Make an exact copy of the listing below. Pictures stay out of it.

Segment Start: Given material

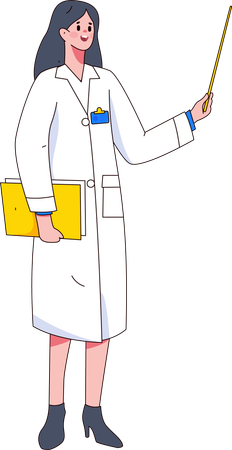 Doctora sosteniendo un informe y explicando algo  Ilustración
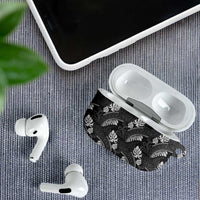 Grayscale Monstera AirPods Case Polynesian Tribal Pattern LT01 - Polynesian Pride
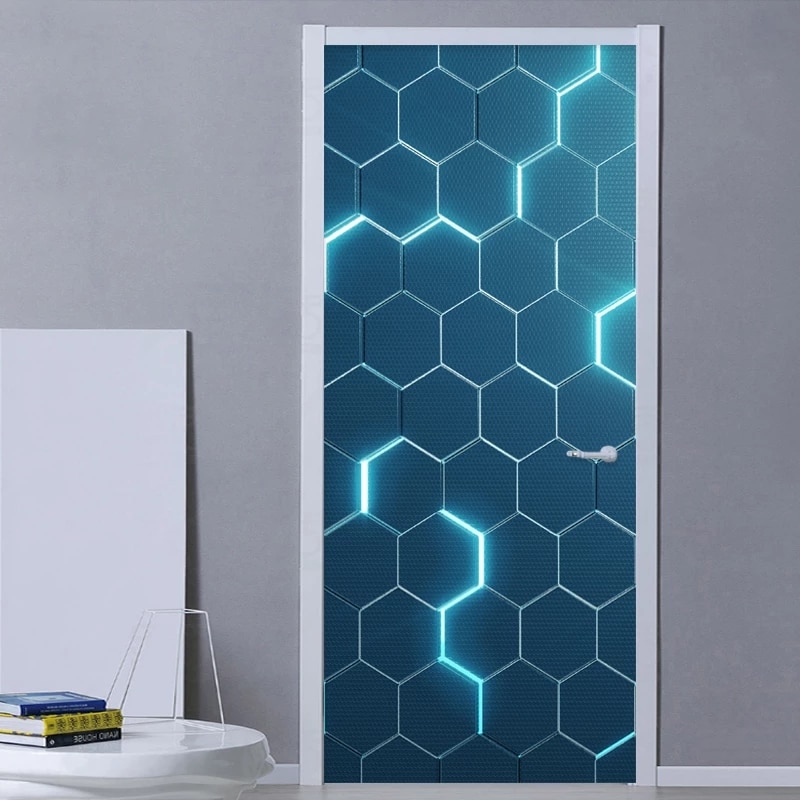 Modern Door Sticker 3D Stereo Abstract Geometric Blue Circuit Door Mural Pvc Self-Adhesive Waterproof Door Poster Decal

Segment End: Given material

=== Response ===
 Doctora sosteniendo un informe y explicando algo  Ilustración
 Grayscale Monstera AirPods Case Polynesian Tribal Pattern LT01 - Polynesian Pride
 Modern Door Sticker 3D Stereo Abstract Geometric Blue Circuit Door Mural Pvc Self-Adhesive Waterproof Door Poster Decal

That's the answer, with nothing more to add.